The Surrealists could take lessons from these guys
I love Fleischer cartoons, whether it's Betty Boop, Popeye, Superman, or the series known as Screen Songs, i.e. those weird mini-musicals featuring live action performers, off the wall animation, and that ever popular Bouncing Ball. There's more surrealism in the average seven-minute Fleischer short than you'll find in half a dozen canvases by Salvador Dali. This particular Screen Song features 24 year-old Ethel Merman, crooning a bluesy number about a couple who attempt a trial separation. The premise of the song is a little surprising: the singer urges her ex-partner to Try Somebody Else while she also Tries Somebody Else, neither one of them really enjoying it, you understand, with the eventual result that they'll find their new partners so unsatisfying they will reunite in the end. Come to think of it, this sounds like the plot line of quite a few '30s screwball comedies.
The odd thing about the song is that while the singer catalogs all the "fun" she and her ex-lover are having, the melody sounds like a funeral dirge. Miss Merman sings it in a straightforward and uncharacteristically low-key fashion, but what makes the short interesting is the animation seen at the opening, before we hear the lyrics, and again at the finale. In typical Flesicher style these segments have almost nothing to do with the song we're hearing, except in an oblique and ironic way.

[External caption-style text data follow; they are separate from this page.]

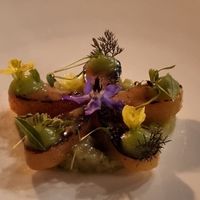  at Seven Swans in Frankfurt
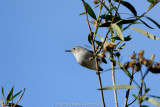 Blue-Gray Gnatcatcher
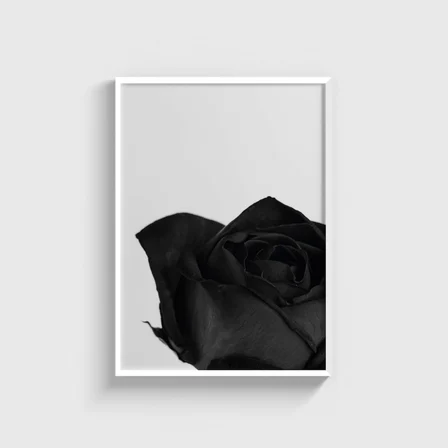 Black Rose Tablo Çerçeveli Poster Duvar Dekorasyonu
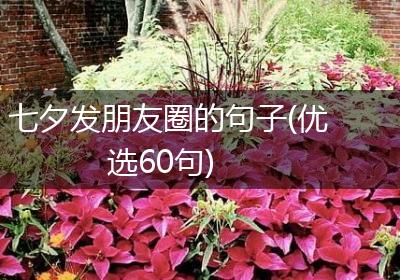 七夕发朋友圈的句子(优选60句)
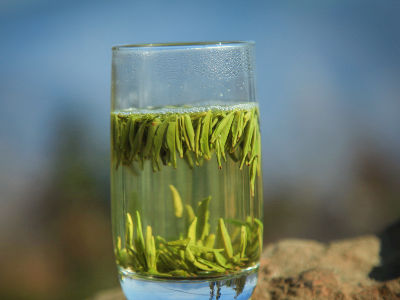 竹葉青茶怎么樣，檔次較高味道略苦價格比較貴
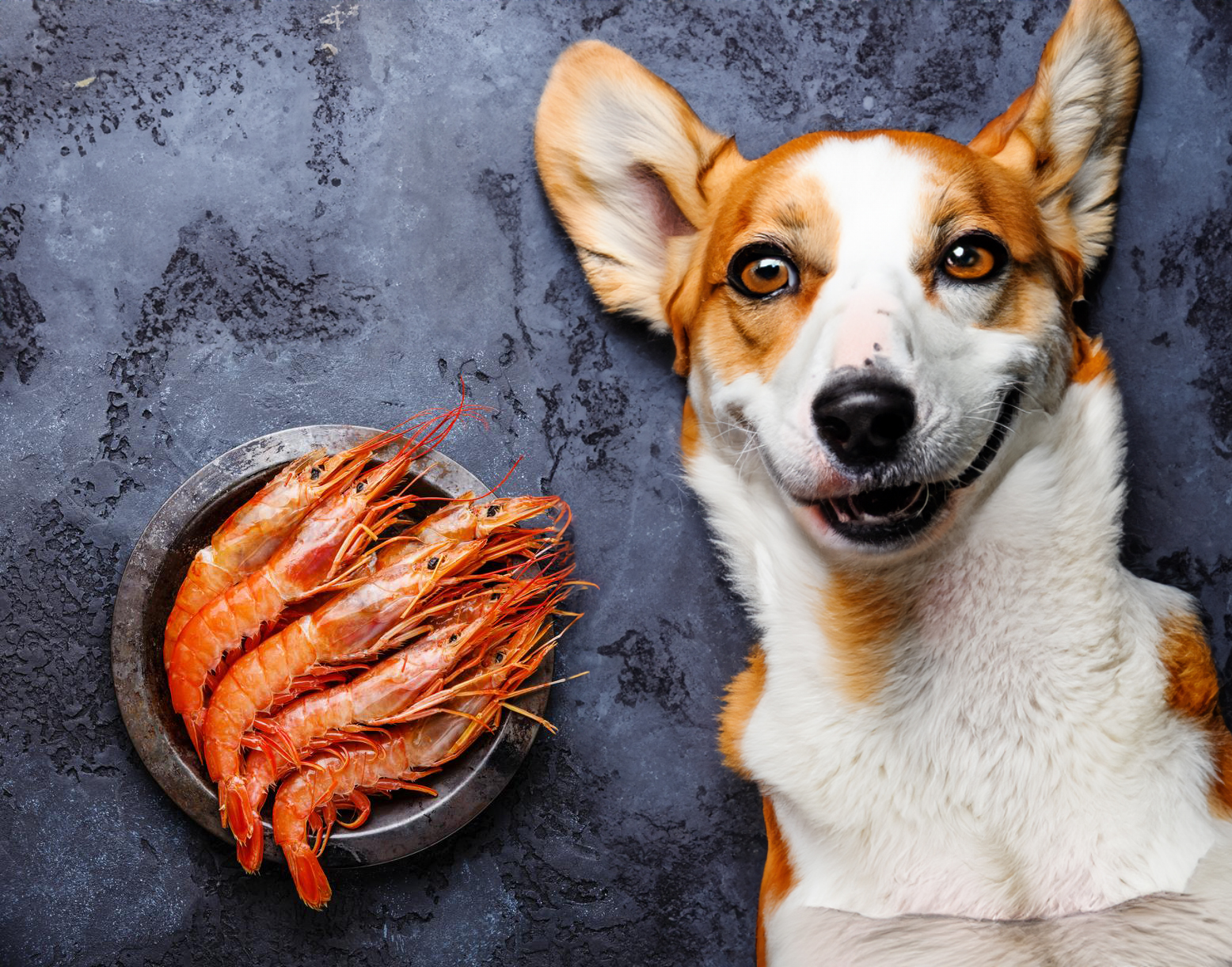 Can Dogs Eat Prawns?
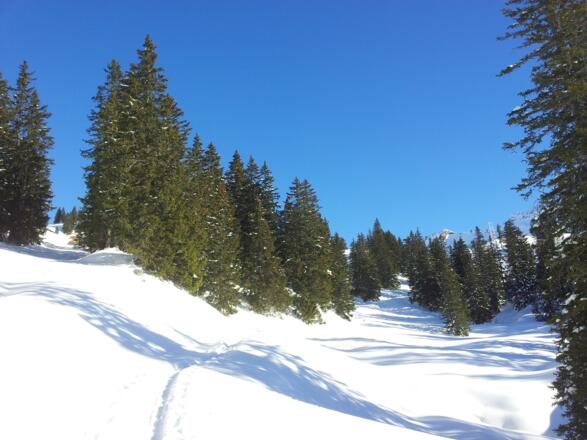 Nach der Saluver-Alpe in Richtung Freschenhaus.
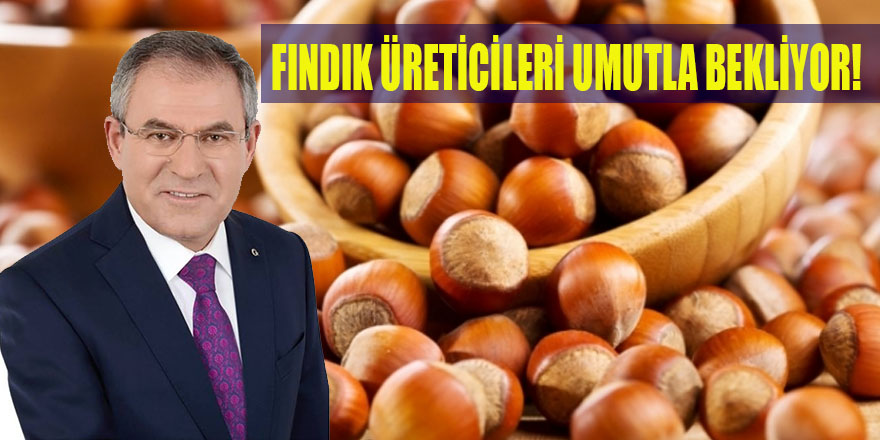 FINDIK ÜRETİCİLERİ UMUTLA BEKLİYOR!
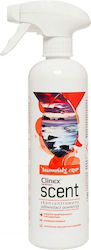 Clinex Υγρό για Αμάξωμα 500ml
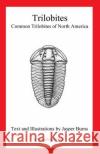 Trilobites: Common Trilobites of North America (a Natureguide Book) Jasper Burns 9781478357940 Createspace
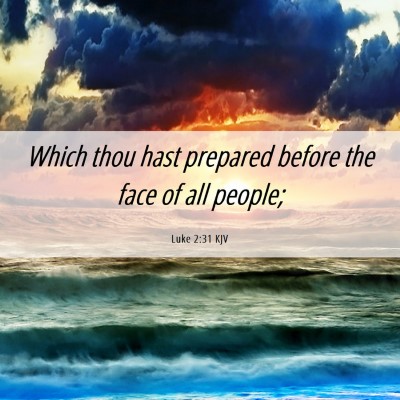Picture 06 - Luke 2:31 KJV - Which thou hast prepared before the face of all - Bible Verse Picture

While Ethel sings about relationships, the animation depicts prison life. (Hmmm, could they be implying something?) A guard releases a lowlife cat from jail, and the ex-con immediately sets about to burglarize a house. He opens a combination lock on a safe that turns out to be a fridge, and finds leftovers such as a fish and a chicken shivering in the cold air within. (A few eggs are cheerfully ice-skating, however.) Things turn macabre when the cat attempts to eat the fish, and members of the fish's family, also in the fridge, piteously plead for his life. Unfortunately for the cat, at this point the homeowner -- Betty Boop herself, in a brief but effective cameo -- appears wielding a shotgun, and he is marched right back to prison.

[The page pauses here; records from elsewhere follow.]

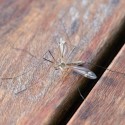 how-to-get-rid-of-mosquitoes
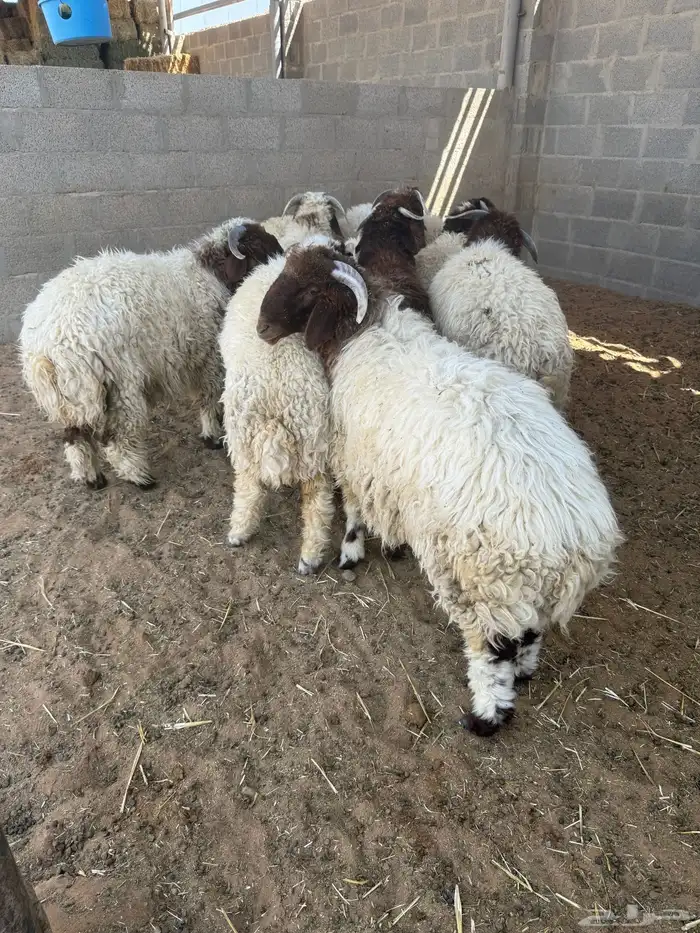 طليان نعيم للبيع 2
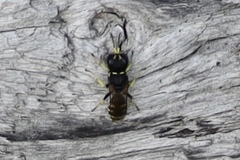 Ectemnius
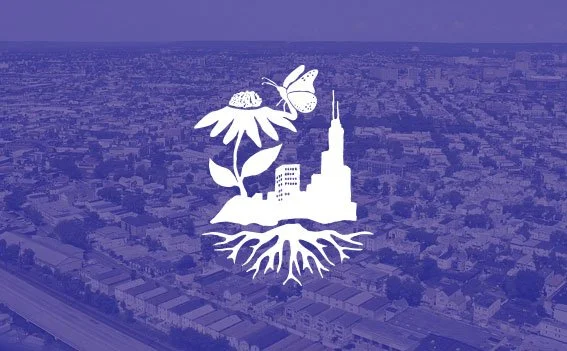 EJ Response to Condemn Alder Violence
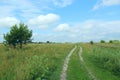 Country road with field of green grass. Summer landscape Royalty Free Stock Photo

At the finale, after Ethel and the Bouncing Ball have taught us the song lyrics, we return to prison for a fast-paced series of gags. At times the juxtaposition of image and word form funny subliminal combinations, as when we see a convict at hard labor, breaking enormous rocks, while Merman sings "Let's take our fun where we find it." The visuals culminate in a daring jailbreak, and a surprise wrap-up gag that is so bizarre and twisted it left me gasping. There's no mistaking the Fleischer Touch!